Libya central bank showdown risks spiralling into wider crisis
2024.08.30 12:00
By Angus McDowall
(Reuters) – A struggle to control the Central Bank of Libya (CBL) has already sparked a blockade of oil production and it threatens the worst crisis in years for the major energy exporter, long torn between rival eastern and western factions.
The standoff was triggered when western factions moved this month to oust veteran governor Sadiq al-Kabir and replace him with a rival board, leading eastern factions to shut down all oil production.
So tangled is the situation that while Kabir retains control of the central bank’s website, a rival board appointed by the presidency council is issuing statements on the bank’s verified Facebook (NASDAQ:) page.
Kabir, who travelled abroad as the crisis unfolded, was quoted in the Financial Times on Friday saying “militias are threatening and terrifying bank staff and are sometimes abducting their children and relatives”.
The central bank has been paralysed by the brinkmanship, leaving it unable to conduct transactions for more than a week, threatening basic economic functions, and neither side looks able to back down, making violence more likely by the day.
Any move to resolve things peacefully will be complicated by a landscape fractured into rival governing institutions with tenuous claims to legitimacy, operating with few agreed rules and backed by a shifting constellation of armed factions.
Worse still, the crisis comes at a moment when international diplomacy to resolve Libya’s underlying political standoff has stalled, with the post of U.N. envoy vacant and no sign yet of foreign powers managing to rein in the rival factions.
“The equilibrium of the last two years has gone. Actors are now trying to build new leverage. So the crisis is set to get much worse,” said Jalel Harchaoui of the Royal United Services Institute.
POWER STRUGGLE
Kabir has been Libya’s central banker since the 2011 NATO-backed uprising that plunged the country into chaos, becoming a major player among the warlords and politicians endlessly jostling for power.
As the state crumbled between rival factions, the CBL and National Oil Corporation (NOC), the state energy producer, were held off limits, ensuring some governmental functions continued.

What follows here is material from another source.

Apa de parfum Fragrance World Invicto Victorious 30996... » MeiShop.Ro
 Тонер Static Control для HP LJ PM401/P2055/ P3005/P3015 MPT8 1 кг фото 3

Libyan law, buttressed by international agreements, ruled that oil could be sold only by NOC, with revenue channelled into the CBL where it was used to fund state salaries and government bodies across the country.
This principle began to erode in 2022 when Prime Minister Abdulhamid al-Dbeibah installed a new NOC head in an apparent accommodation with eastern factions, leading to looser controls over the oil sector.
However, Dbeibah and Kabir fell out over spending and other issues, and the CBL governor was seen as moving closer to Khalifa Haftar, the military commander who controls eastern Libya.
By moving to replace Kabir, Presidency Council head Mohammed al-Menfi, backed by Dbeibah, has put control over Libya’s vast financial resources directly into play and neither side can easily back down.
“My overall view is that this is a political issue rather than a bureaucratic one. But it is extremely serious. Without consensus, the country’s strongest remaining institution could effectively be hollowed out,” said Tim Eaton (NYSE:) of Chatham House.
The announced dismissal of Kabir also appeared to run counter to the 2015 Libyan Political Agreement, the basis for the international community’s dealings with Libyan factions for nearly a decade.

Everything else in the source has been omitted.